If it’s value you seek, Sandy Bridge-E isn’t the platform for you. Ivy Bridge stands a much better chance of satisfying that niche. However, for the folks who bought into Bloomfield/Gulftown and skipped Sandy Bridge altogether in anticipation of today’s introduction, a marriage of the Sandy Bridge design, more cores, more cache, and more bandwidth yields impressive double-digit performance gains, on average.

Should we see PCI Express 3.0-capable hardware in the next couple of months, Sandy Bridge-E will have yet another opportunity to set itself apart. No other chipset includes this feature, and we expect graphics cards and RAID controllers to exploit it within the first half of 2012.

Just don’t feel compelled to splurge on the $1000 Core i7-3960X. We’re trying to get our hands on a Core i7-3930K—there’s a good chance that’s the Sandy Bridge-E-based chip for savvy enthusiasts looking to overclock.

Chris Angelini
Chris Angelini is an Editor Emeritus at Tom's Hardware US. He edits hardware reviews and covers high-profile CPU and GPU launches.
  • Maziar
    Wow,lots of details and benchies.Great review as always Chris !
  • SpadeM
    So no SAS/Full Sata 3 ports but u do get PCIe 3 ... no Quicksync but u do get 2 more cores and the added cache ... no USB 3.0 but u get quad channel memory which in real life every day computing is a minimal gain at best. Feels an awful lot like a weak trade if you ask me. I'm basically asked to buy the P67 chipset with sprinkles on top. And for 1000$ it feels like it falls short. For heavy workloads it's cheaper and faster to make yourself 2 systems based on 1155 or bulldozer and render, fold, chew numbers that way. X79 should have launched with an ivy bridge based cpu inside and a better chipset to live to it's name.
    What we have today is simply a platform for bragging rights not a serious contender to the X38, X48, X58 family.
  • nikorr
    Enjoyed the review Chris ! WoW.
  • illfindu
    Not to take the review to much off topic but its worth bringing up because this review was so complete , as in covering a vast array of situations and programs. Its truly embarrassing for AMD that the FX-8XXX series is beaten not only bye chips with half the cores but half the cores that are a generation behind. In fact as of this moment the FX set is almost inspiring it its lack of any value at first glance at some of these marks one could say that AMD's most expensive chip at over 200$ is one of its slowest being beaten bye both the x4 and x6 phenoms.
  • redsunrises
    Illfindu, you are beating a dead horse... Old news, lets move on (sorry, just tired of the same thing being said over and over, which will end in an amd fanboy fight). Great review though!
  • ohim
    This article tells me 2 things , either our current software is a total piece of crap since it has absolutely no clue of multi core cpus, or the future without AMD is so grim that intel makes you pay 1000 bucks for a cpu that doesn`t perform really that fast ... but for sure the software industry needs to take a better look at those multicore optimisations.
  • stonedatheist
    I think Intel would be raking in the dough if they left all 8 cores enabled for the 3960X. I doubt that a later revision will enable them. 8c/16t will probably hit the desktop with IB-E (can't wait) :)
  • joytech22
    :| Well AMD is fighting a losing battle.. (In High-End CPU's, which I actually use for rendering etc..)
    I would LOVE to see them pick up their game and provide me with a worthy upgrade over my 4GHz i7 2600 (Non-K). I would swoop it up.
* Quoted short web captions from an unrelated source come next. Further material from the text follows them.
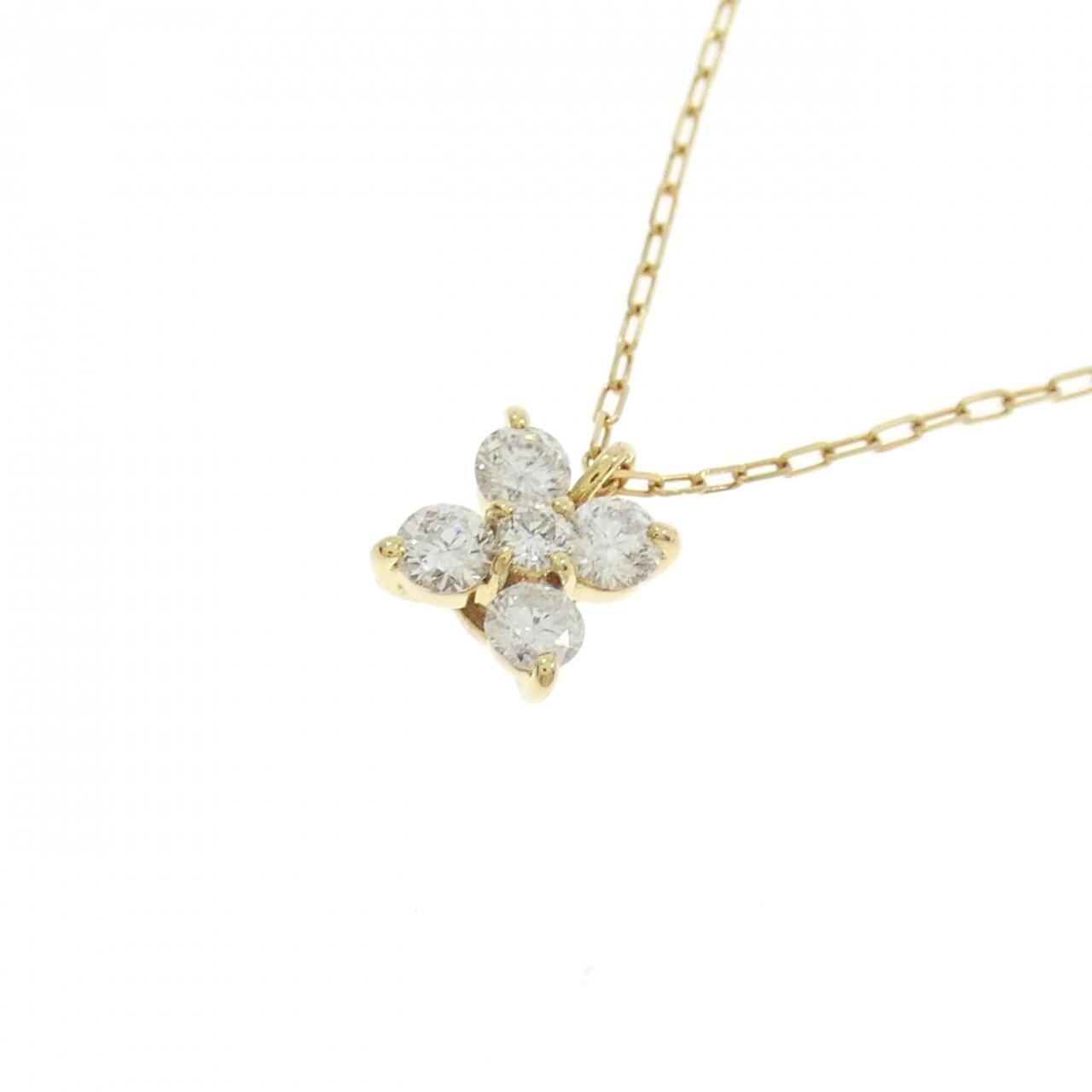 K18YG フラワー ダイヤモンド ネックレス 0.20CT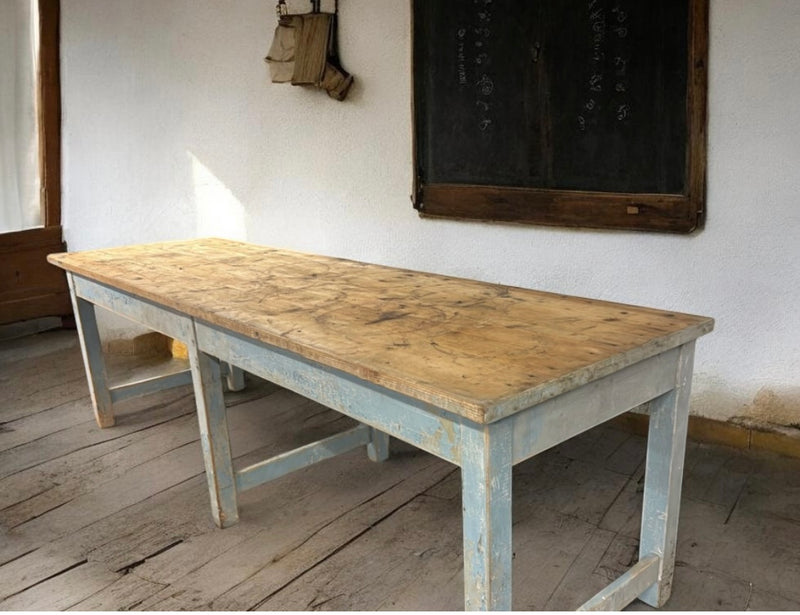 Vintage European Kitchen Table / Workbench Table  #7254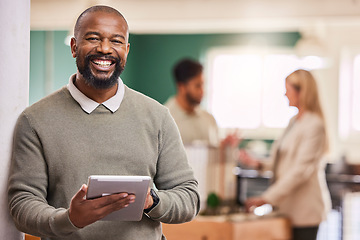 Image showing Black man, tablet and smile in portrait at startup, scroll device and happy with tech, communication and app. Social media, email and networking with businessman, web design or IT at digital agency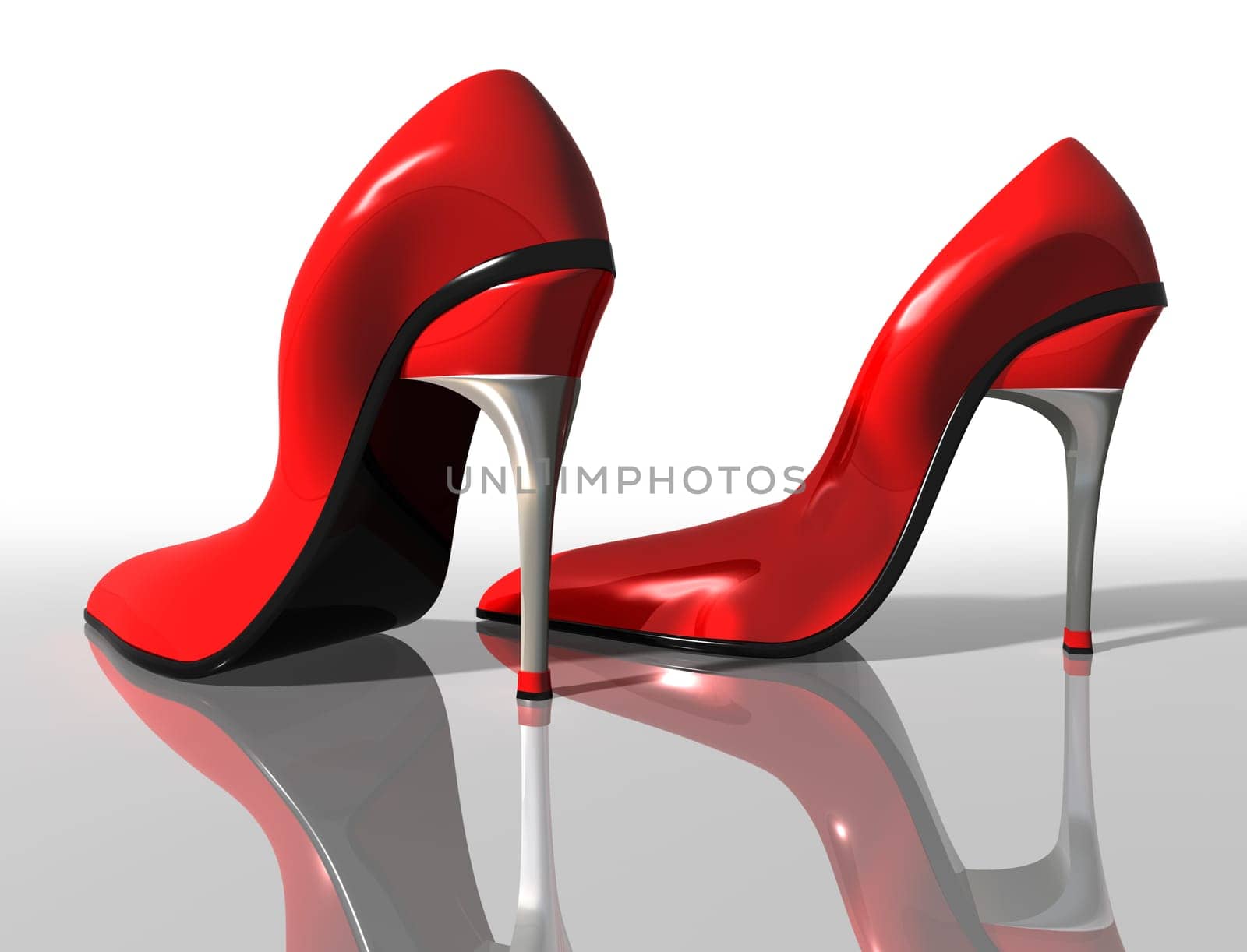 Illustration of a pair of elegant red high heel shoes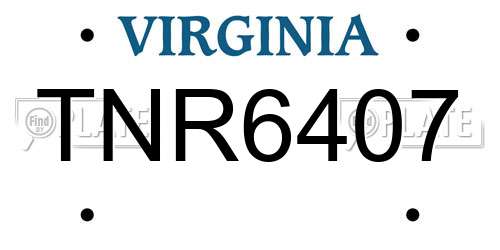 TNR6407 Virginia License Plate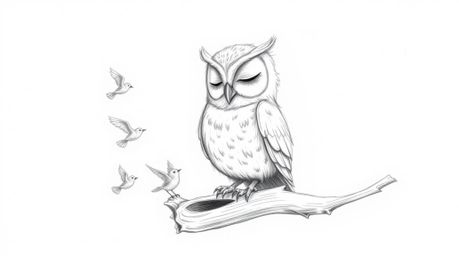 A heartwarming hand-drawn sketch, reminiscent of Pixar animation, portrays a gentle, blind owl with downy feathers guiding a 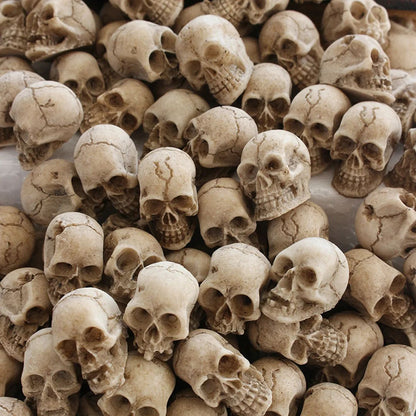 20pcs Halloween Decorative Skeleton Head Miniature Ornaments Outdoor Home Garden Lawn Unique Flower Pot Decorative Skull Statue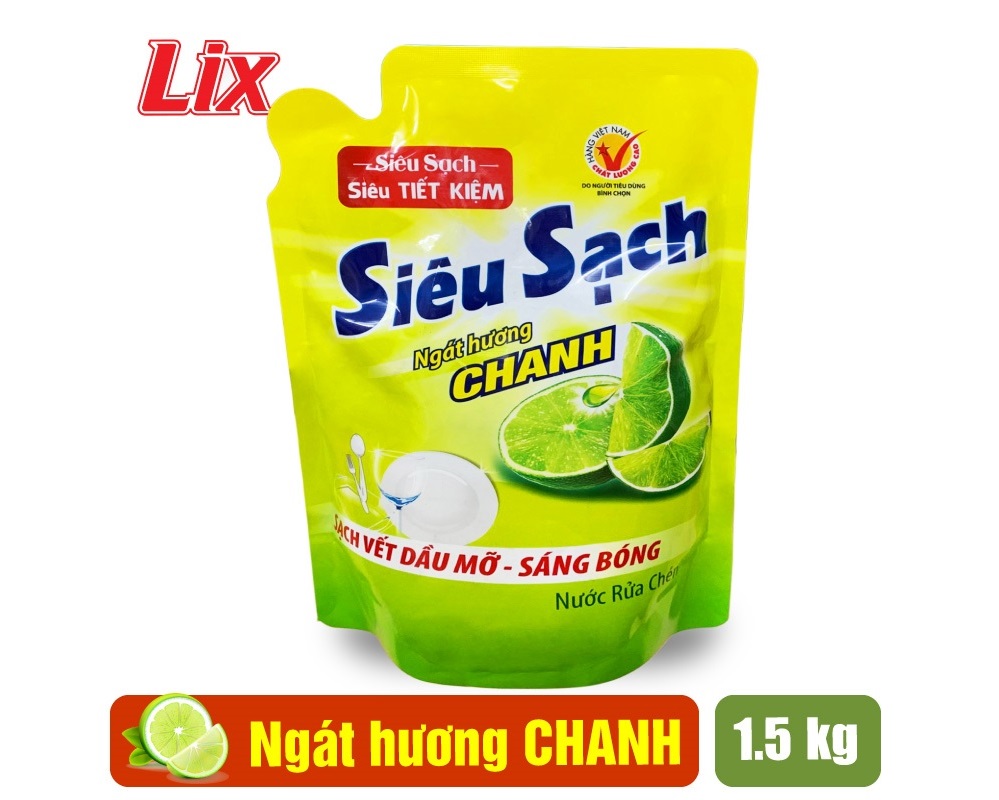 túi nước rửa chén lix siêu sạch hương chanh 1.5kg n4302 - sạch bóng vết dầu mỡ 1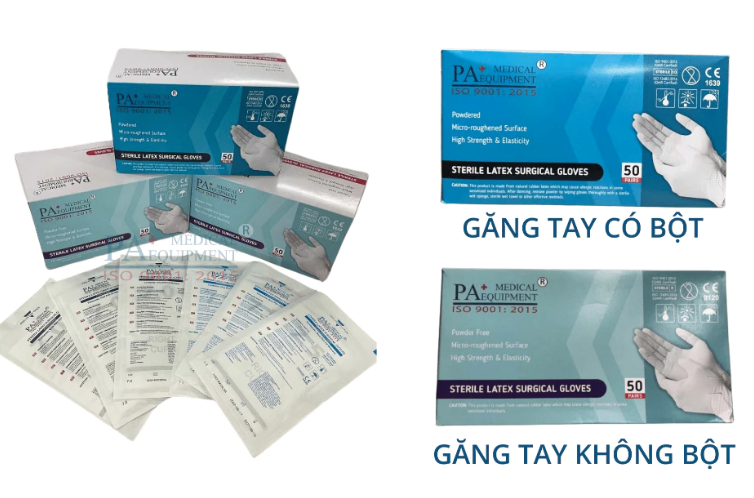 GĂNG TAY CAO SU CÓ BỘT PHẪU THUẬT PA (COMBO 2 ĐÔI)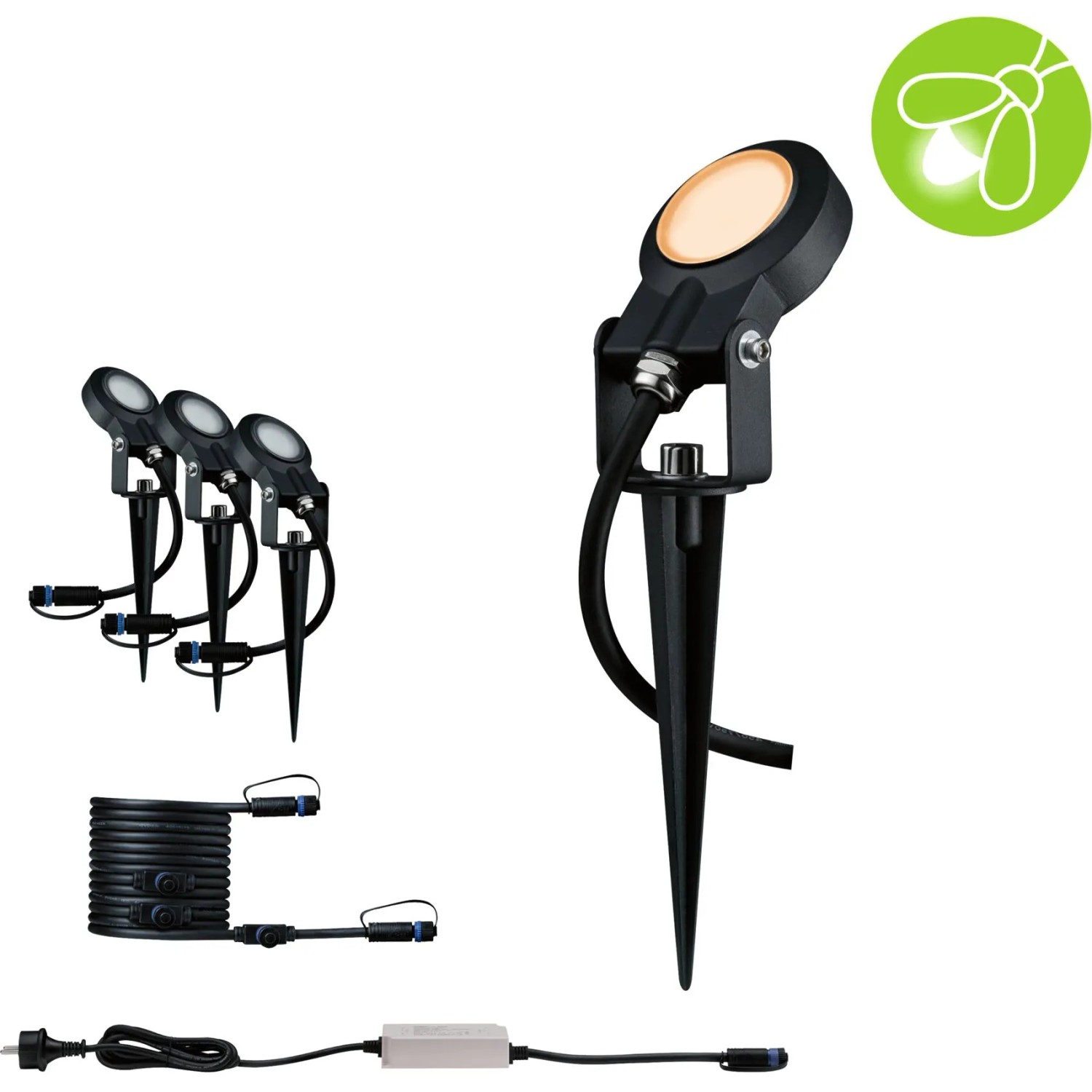 Paulmann LED-Gartenstrahler Sting Plug & Shine 3er Set, insektenfreundlich mit Erdspießen, Trafo und Kabel.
    Look, BD had 4 modules with two "cores" each, each module is equivalent to a Sandy Bridge core.
    They should just combine both of those cores or make them a single core, so we get 4 threads.

    Then create 4-6-8 core versions of those CPU's..
    Think about it.. the FX8150 is more of a 4-core CPU where the resources are halved pretty much so you get two threads per core, it would have been MUCH MUCH better if they just kept 4 strong cores.

    Not sure why either but I always seem to start an AMD related comment :\
  • sudeshc
    great but too expensive....
  • JeanLuc
    Hi Chris,

    The labels are wrong on the graphs on this page the last ones should read DDR2-2133 on the last two shouldn't it?